[ANN] GraphNets.jl - Simple, blazing fast, message-passing graph neural network

Hello all!

Excited to release a new package:

GraphNets.jl is a Julia implementation of DeepMind’s Graph Nets and an implementation of the paper Relational inductive biases, deep learning, and graph networks.

This YouTube presentation by Petar Veličković may be of interest as well. It’s a fantastic intro to GNNs and “Graph Nets” in particular:

Also, here’s a toy project demonstrating the training of a GNN using GraphNets.jl:

https://juliamltools.github.io/graph-sort

I hope you find it useful! Feedback is much appreciated.

14 Likes

Thank you for the contribution!!!
Could you elaborate a little on what makes it different from existing packages for GNNs? My search yielded two, but there may be others I don’t know about:

5 Likes

Hi Guillaume! GraphNets.jl is an implementation of a particular GNN architecture, Graphs Nets, which is a message passing variety of GNN that allows input/output feature vectors of nodes, edges, and at the graph/aggregate level. As GraphNets.jl is not a tool that supports other GNN flavors (convolutional, attention, and other message passing varieties), specialization can be applied that allows an optimized implementation of only the “Graph Nets” architecture as outlined here.

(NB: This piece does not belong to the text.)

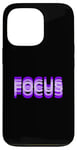 Coque pour iPhone 13 Pro Purple Focus Illusion d'optique graphique violet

In particular, I think “GraphNets.jl” has a novel approach of batching together graphs of different structure (different adjacency matrices), that allows optimal training speed of mini-batches and also allows all matrix multiplications to take advantage of cuBLAS Strided Batched Matrix Multiply (which basically means using NNlib.batched_mul).

It looks like GraphNeuralNetworks.jl offers GNN implementations primary of the convolutional and attentional type. It does seem there is a message-passing variant, but I don’t see that edge vectors are allowed as input or output (I see scalar edge weights, but no support for full edge feature vectors).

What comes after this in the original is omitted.